VictorBorun wrote: ↑Thu Jun 01, 2023 7:57 am
Ann wrote: ↑Thu Jun 01, 2023 4:18 am
The simulation seems to show that the Universe likes to make spiral galaxies. So where do all the ellipticals come from?
And one mechanism that destroys spiral galaxies and turns them into ellipticals in large galaxy clusters is the violent outbursts of ultramassive black holes in the largest elliptical galaxies:
Do I get it right:
1) If Local Leaf i. e. Local Cluster + Council of Giants has more spiral members than elliptical ones, it's just that this supercluster and clusters are small. In normal clusters like Virgo the galaxies population is mostly elliptical
2) Gravitation struggles to feed galaxies in a smooth way. Once a few billion suns BH forms, it tends to blow the hydrogen+dust interstellar media out of the galaxy and stop the star formation for good
As to your first question, yes, in our neck of the woods, there is actually just one major elliptical galaxy, Maffei 1!
Maffei 1 is a massive elliptical galaxy in the constellation Cassiopeia. Once believed to be a member of the Local Group of galaxies, it is now known to belong to a separate group, the IC 342/Maffei Group....
Maffei 1 is situated at an estimated distance of 3–4 Mpc from the Milky Way. It may be the closest giant elliptical galaxy...
Maffei 1 lies in the Zone of Avoidance and is heavily obscured by the Milky Way's stars and dust. If it were not obscured, it would be one of the largest (about 3/4 the size of the full moon), brightest, and best-known galaxies in the sky...
The total visible absolute magnitude of Maffei 1, MV=−20.8, is comparable to that of the Milky Way.
Yes, but apart from Maffei 1, all the reasonably large galaxies in and close to the Local Group are spirals:
Even Maffei 2, another member of the Maffei/IC 342 group, is a spiral:
So, yeah. All the reasonably large galaxies in and near the Local Group of galaxies are spirals, all but one, Maffei 1.
But let's look at the major galaxies of another nearby group, the M81 group:
While M81 is a picture-perfect grand design galaxy, M82 is a contorted object wildly spewing gas into its surroundings from runaway star formation in its core. Apparently interactions with M81 drove much or most of the gas in M82 into the Cigar galaxy's center, where all this gas set off a wildfire of star formation.
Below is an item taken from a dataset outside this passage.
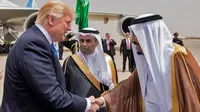 Presiden AS Donald Trump (kiri) berjabat tangan dengan Raja Arab Saudi Salman bin Abdulaziz al-Saud saat di Bandara Internasional Raja Khalid di Riyadh (20/5). (AFP/Saudi Royal Palace/Bandar Al-Jalou)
So while the disk of M82 is both chaotic and turbulent and apparently not forming any stars at all, the center is forming stars at a rate that can't possibly leave the galaxy "unscathed". My guess is that M82 will end up as a lenticular galaxy, a "strangled" galaxy with a disk but with no gas or star formation.
M81 is bigger than M82. The bigger bully "won".
In large galaxy clusters, almost every galaxy is close to another galaxy that can be described as a bigger bully. Being close to a big bully isn't good for a galaxy's elegant spiral shape. So how did Maffei 1 ended up as a giant elliptical galaxy, when this galaxy can only be described as its own biggest bully? Maffei 1 hasn't even got an active galactic nucleus, no feeding black hole and no jet. Don't ask me what made it "go elliptical"!
A sparse and empty surroundings may be good for a galaxy that wants to do things its own way. Like UGC 1382.
UGC 1382, living its life in splendid isolation unbothered by any big galactic bullies, has picked up passing galactic driftwood and flotsam and incorporated these pieces into itself. Now it is gigantic, with a diameter of some 718,000 light-years. That's aaa-mazing!!!